Plain-English Summary
FAR 4.2003 is a very short implementation instruction that tells contracting personnel what to do when a contractor gives the government a notification under FAR 52.204-23. In practical terms, this section does not create a new substantive reporting requirement; instead, it directs the agency to use its own internal procedures for handling the contractor’s notice. The topic covered is therefore the post-notification response process: receiving the notice, routing it through the agency’s established channels, and taking whatever follow-up actions the agency procedures require. Its purpose is to ensure consistency, accountability, and proper internal coordination when a contractor reports an event or condition covered by the clause. For contractors, the key significance is that the notification is not the end of the matter; it triggers agency-specific handling that may affect contract administration, security, compliance, or other follow-up actions depending on the agency’s procedures.
Key Rules
Use agency procedures
When a contractor submits a notification under FAR 52.204-23, the contracting activity must handle it according to the agency’s established procedures. FAR 4.2003 does not prescribe the steps itself; it defers to agency-level guidance.
No separate FAR process
This section does not add a standalone FAR workflow, timeline, or decision standard. The operative requirement is simply to follow the agency’s internal notification-response process.

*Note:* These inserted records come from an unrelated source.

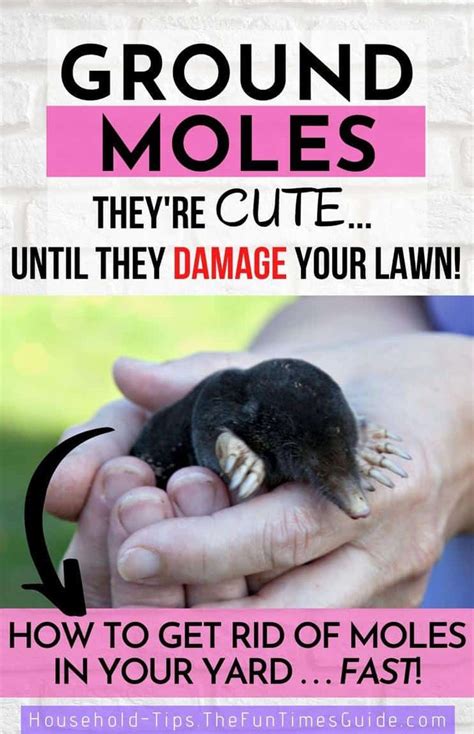 How To Get Rid Of Moles In Your Yard The Ultimate Guide To Ground Mole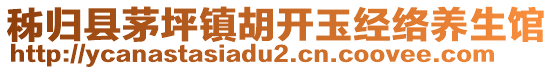 秭歸縣茅坪鎮(zhèn)胡開玉經(jīng)絡養(yǎng)生館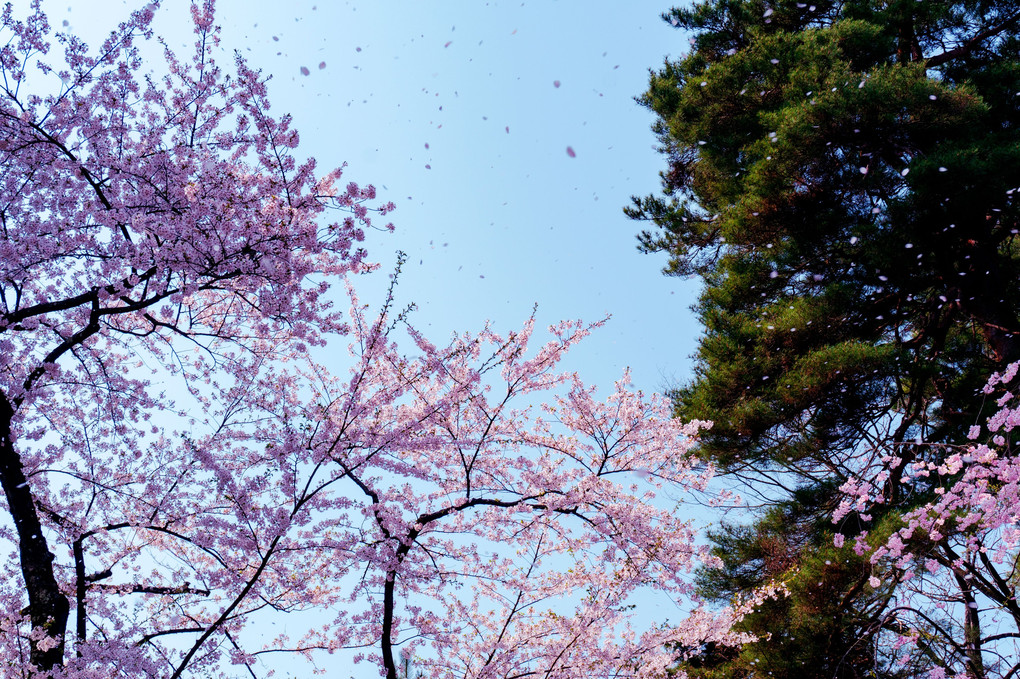 弘前城公園の桜2018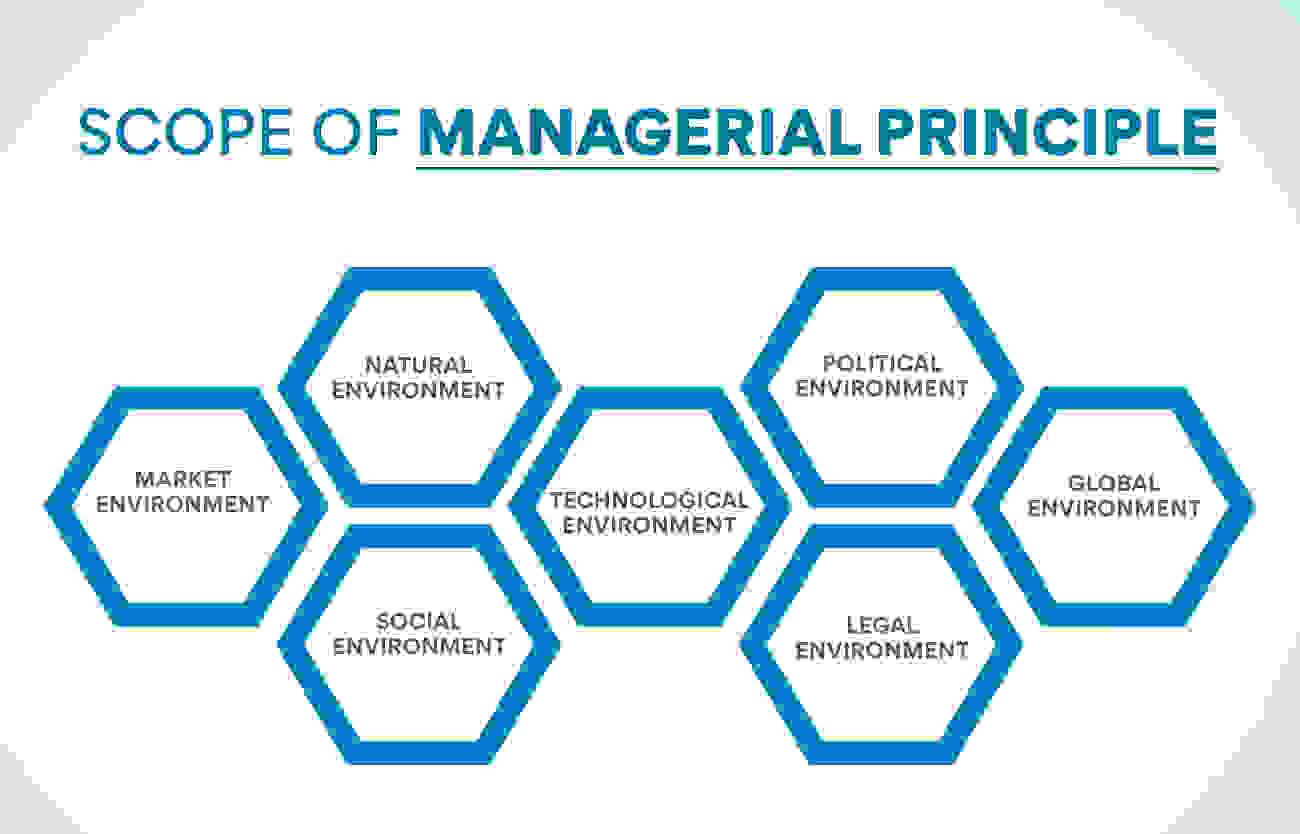 Scope of Managerial Principle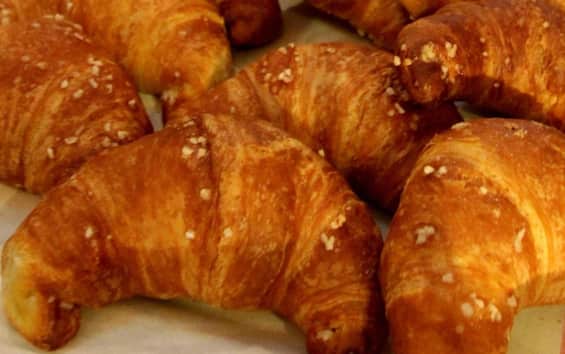 treviso 10 centesimi in pi249 per brioche tagliata a met224 polemica in pasticceria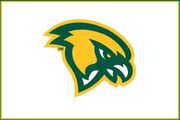 Fitchburg State Falcons logo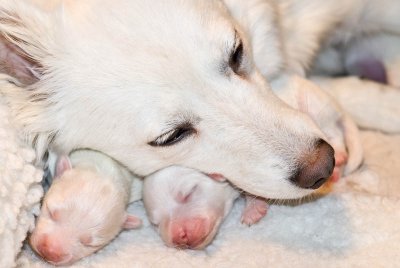 Nalas Puppies-6.jpg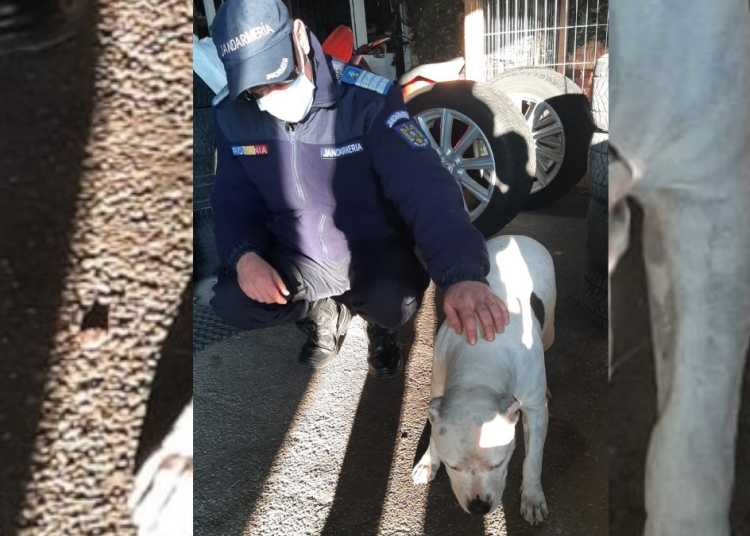 Câinele a fost înapoit de către jandarmi proprietarului. FOTO IJJ Tulcea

Notification triggers follow-up
The contractor’s notice is intended to prompt agency action, such as review, routing, documentation, or other administrative follow-up. What happens next depends on the agency procedures applicable to that notice.
Responsibilities
Contracting Officer
Receive or route the contractor’s notification in accordance with agency procedures, ensure the notice is handled by the appropriate office, and take any required contract administration or follow-up actions.
Agency
Maintain and apply procedures for processing contractor notifications under FAR 52.204-23, including internal routing, review, documentation, and any required coordination with security, legal, or program offices.
Contractor
Submit the notification required by FAR 52.204-23 when applicable, and provide it in the manner and to the recipient(s) required by the clause and any agency instructions.
Practical Implications
This section is mainly an internal handling instruction, so the real compliance risk is not in the text of FAR 4.2003 itself but in failing to know and follow the agency’s procedures.
Contracting officers should verify which office owns the notification process, because notices may need to be routed quickly to security, IT, legal, or program officials.
Contractors should not assume that sending the notice to the contracting officer alone is always sufficient; the clause and agency procedures may specify additional recipients or methods.
A common pitfall is treating the notification as a routine administrative email rather than a formal compliance event that may require documentation and timely escalation.
Because the FAR section is so brief, users must look to the clause at 52.204-23 and the agency’s implementing procedures to understand the actual operational steps and deadlines.
Official Regulatory Text
When a contractor provides notification pursuant to 52.204-23 , follow agency procedures.